Nokia, pour sa part, avait avalé le secteur infrastructures réseau de Siemens. Plus connu pour ses téléphones, la marque finlandaise avait du changer de stratégie en revandant ce secteur à Microsoft après avoir raté le virage des smartphones. Aujourd'hui, dans les réseaux, Nokia est bien présent en Europe. Alcatel-Lucent est implanté dans le monde (22% de son chiffre d'affaires se fait en Europe, France y compris, et 41% aux Etats-Unis).
L’arrivée des Chinois
Ce phénomène de concentration doit beaucoup à la concurrence chinoise qui pèse sur les prix, obligeant les autres sociétés à améliorer leur offre. Huawei et ZTE pratiqueraient des prix inférieurs de 18% à ceux des fabricants européens, selon un document cité par Reuters.
Aujourd'hui, Huawei représenterait 25% du marché européen. Preuve de sa progression, il n'en représentait que 2,5% en 2006.
Huawei serait aujourd’hui le N°1 mondial du secteur. «Dans le mobile, la part de marché d'un groupe fusionné Nokia-Alcatel grimperait de 18% à 29%, dépassant ou égalant celle de Huawei et talonnant celle d'Ericsson. Mais dans la 4G, le nouveau groupe réduirait l'écart mais resterait à 26% des contrats loin derrière Huawei (36%) et Ericsson (33%) selon le cabinet Ovum», cité par La Tribune.
Huawei, fondé par un ancien ingénieur de l'armée chinoise, avait vu ses projets d’investissements dans des infrastructures aux Etats-Unis pour des raisons de sécurité. Washington affirmait craindre que ses équipements soient utilisés pour de l'espionnage. Une forme de protectionnisme pratiquée par d'autres pays... mais par un curieux retournement, ce sont les Américains qui ont été accusés d'avoir espionné le constructeur chinois, selon des documents issus des révélations d'Edward Snowden. Outre les équipements télécoms, Huawei est le troisième fabricant mondial de smartphones. L’entreprise chinoise affiche des résultats record. Chiffre d’affaires en hausse de 24%, bénéfices de 30%.

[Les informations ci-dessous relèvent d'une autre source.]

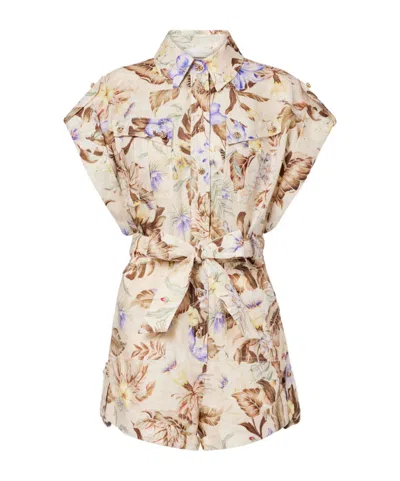 Zimmermann Floral Pattern Bodysuit In Multi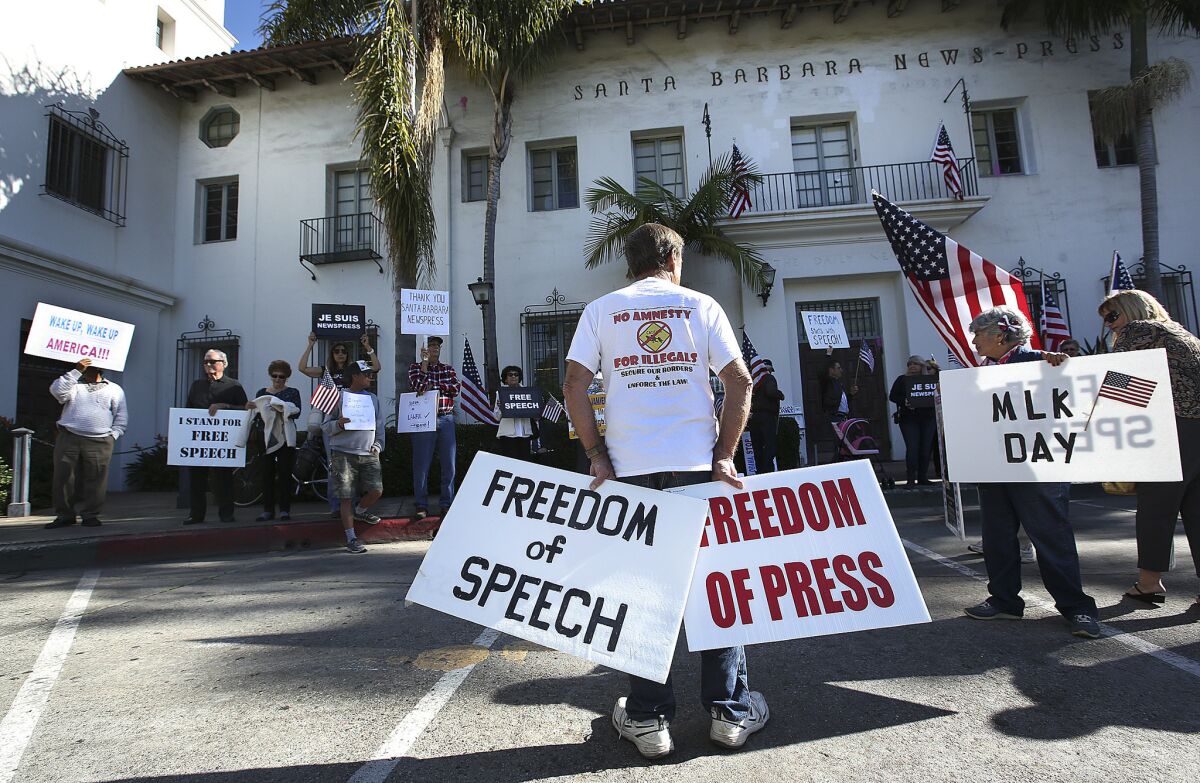 The Santa Barbara News-Press drew supporters in 2015 after running the headline "Illegals line up for driver's license." The newspaper has just lost its latest editor in chief.
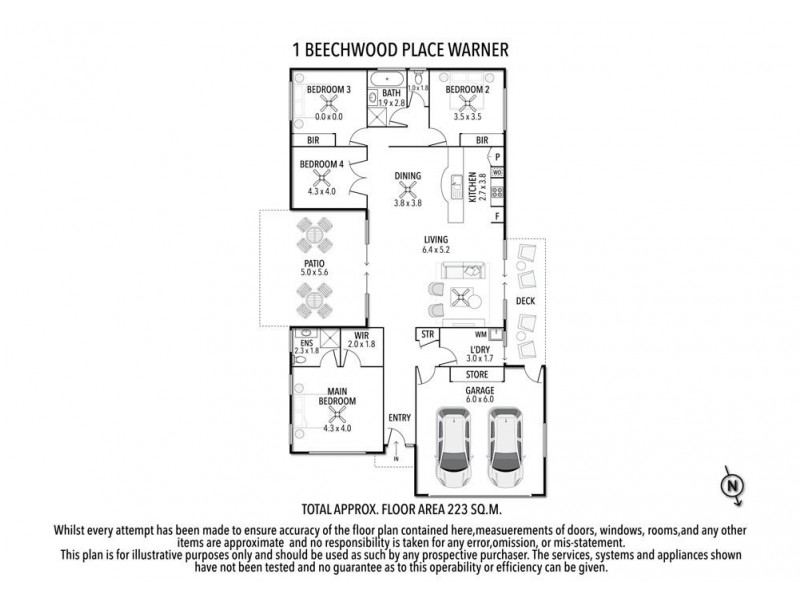 1 Beechwood Place, Warner QLD 4500 Floorplan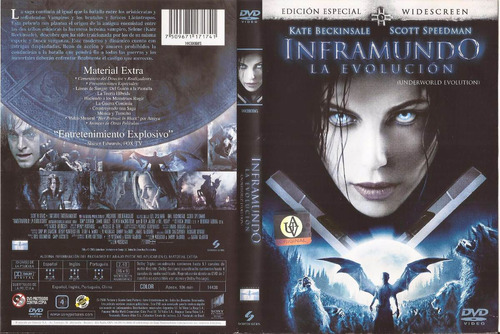 Inframundo Dvd Underworld Kate Beckinsale Scott Speedman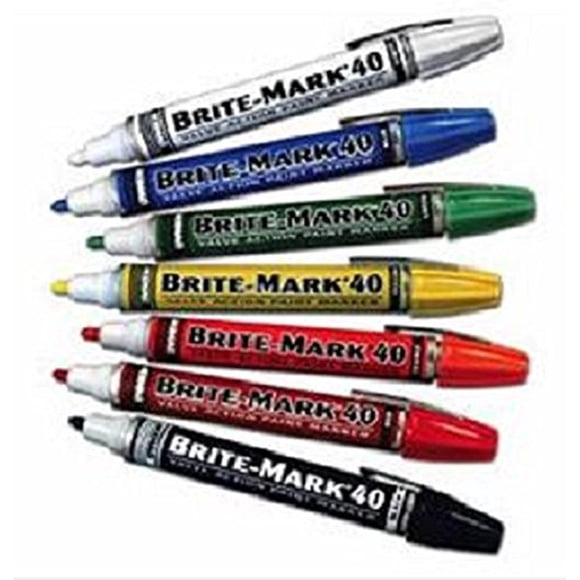 12 Dykem Brite Mark 40#40004 medium tip GREEN paint permanent pen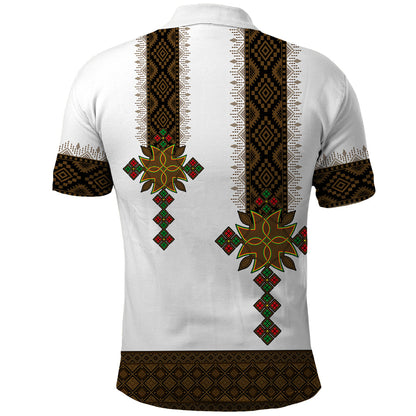 Ethiopia Polo Shirt Ethiopian Tilet With African Pattern Ver.01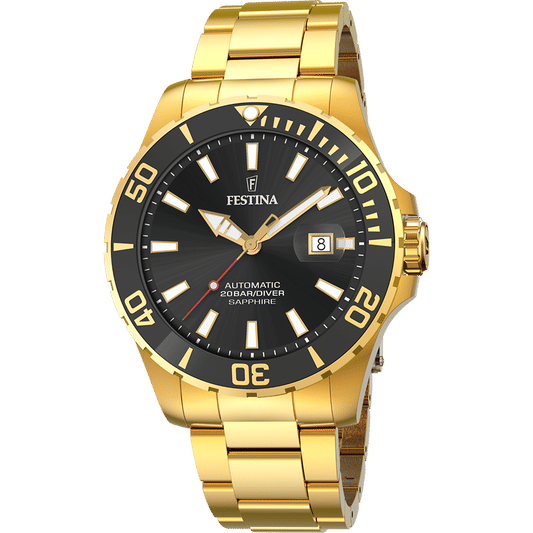 Festina Diver F20533/2 Herrenuhr Schwarz • Automatikwerk • 20 ATM Wasserdicht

Sa croissance, Huawei doit sa croissance à la zone EMEA (Europe, Moyen-Orient, Afrique) avec un chiffre en hausse de 20% sur un an. La progression en Chine est encore plus nette, avec une hausse sur un an de 31,5%. L’autre entreprise chinoise, ZTE, espère pour 2014 un croissance de 8% de son chiffre d’affaires et un bénéfice quasi doublé.
Les importations d'équipements pour réseaux de téléphonie mobile dans l'UE s'élèvent à un milliard d'euros par an et représentent une rude concurrence pour Ericsson, Nokia et Alcatel-Lucent. En fusionnant, le finlandais et le franco-américain «entendent créer un leader des technologies innovantes dans les réseaux et les services pour un monde connecté IP». Alors que la concentration chez les opérateurs n'a pas encore commencé au niveau européen (chaque réseau reste national), celui des équipementiers est désormais quasi totalement mondialisé. Comme les réseaux.